> _Exercise brief_: Among the entries below, find the line with "265 Lilac Ln, Costa Mesa, CA 92627" and the line with "YAMAHA MT-09 SP". Return exactly those lines and every line between them, but no pictures.

> _Information supplied_:
[Start of Attachment]

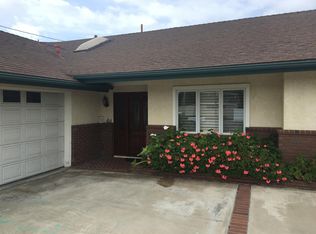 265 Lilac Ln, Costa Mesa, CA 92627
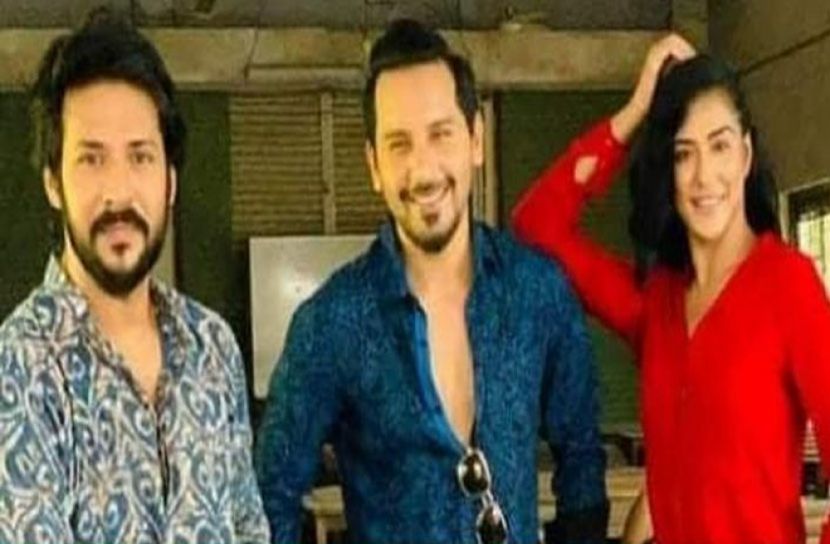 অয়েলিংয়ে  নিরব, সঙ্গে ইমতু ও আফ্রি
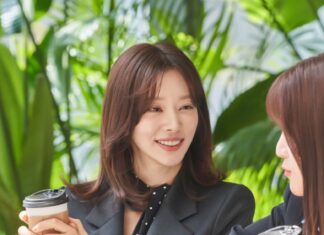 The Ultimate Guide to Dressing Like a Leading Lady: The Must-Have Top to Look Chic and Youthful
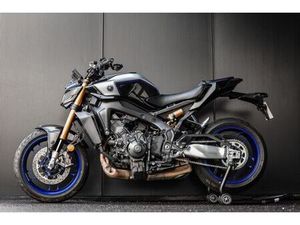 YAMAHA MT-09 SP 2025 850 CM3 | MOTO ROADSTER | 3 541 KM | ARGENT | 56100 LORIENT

[End of Attachment]
[Start of Attachment]

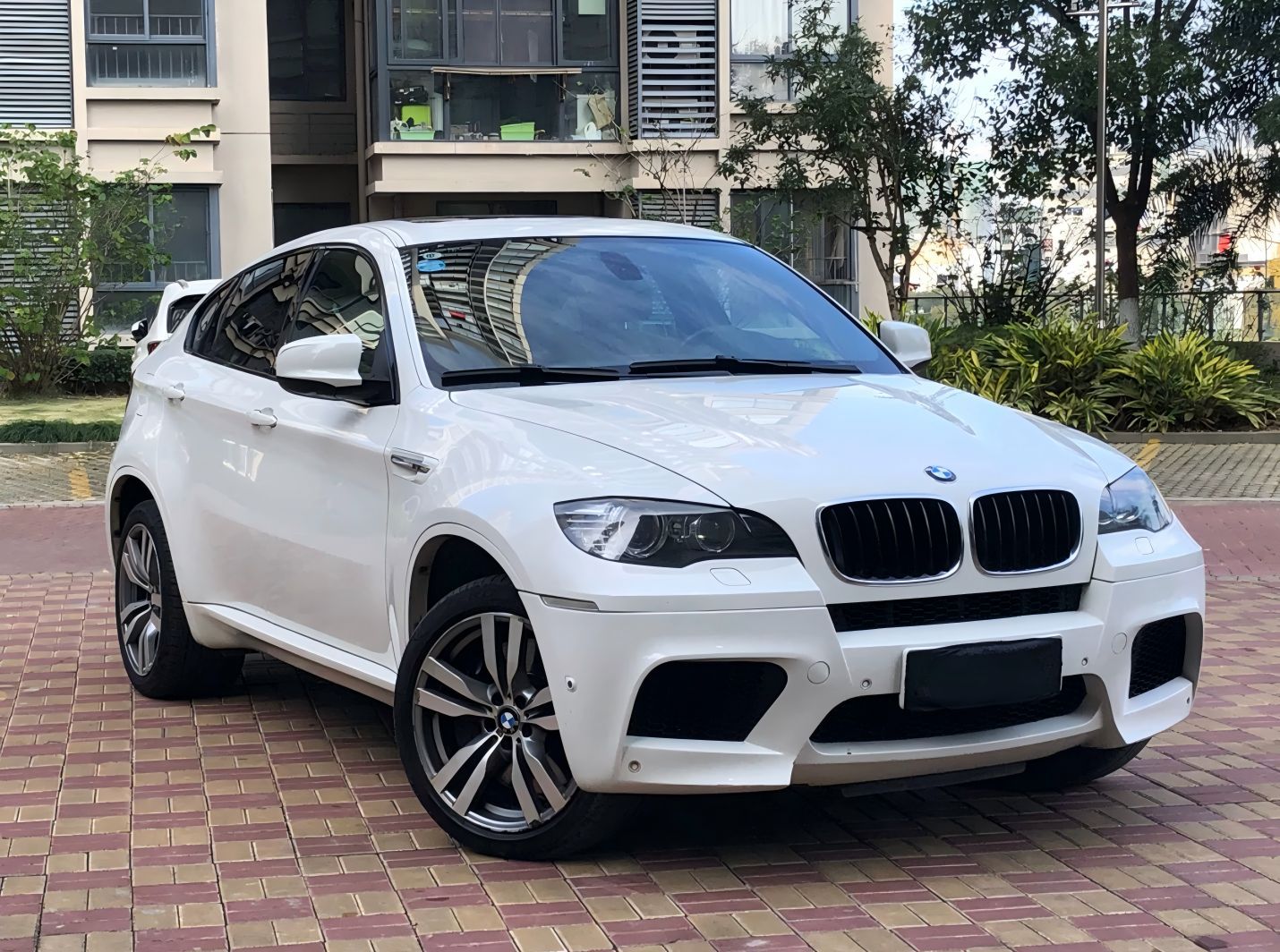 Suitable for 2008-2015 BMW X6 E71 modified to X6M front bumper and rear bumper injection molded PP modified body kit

[End of Attachment]
[Start of Attachment]

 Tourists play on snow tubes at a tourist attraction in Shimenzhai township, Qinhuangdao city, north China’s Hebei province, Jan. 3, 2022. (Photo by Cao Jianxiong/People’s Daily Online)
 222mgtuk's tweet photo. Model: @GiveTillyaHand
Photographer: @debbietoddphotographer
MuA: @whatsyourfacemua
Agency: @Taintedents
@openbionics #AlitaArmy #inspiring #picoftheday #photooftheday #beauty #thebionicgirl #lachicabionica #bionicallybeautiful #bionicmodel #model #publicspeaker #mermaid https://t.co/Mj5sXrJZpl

[End of Attachment]

> _Solution_:
 265 Lilac Ln, Costa Mesa, CA 92627
 অয়েলিংয়ে  নিরব, সঙ্গে ইমতু ও আফ্রি
 The Ultimate Guide to Dressing Like a Leading Lady: The Must-Have Top to Look Chic and Youthful
 YAMAHA MT-09 SP 2025 850 CM3 | MOTO ROADSTER | 3 541 KM | ARGENT | 56100 LORIENT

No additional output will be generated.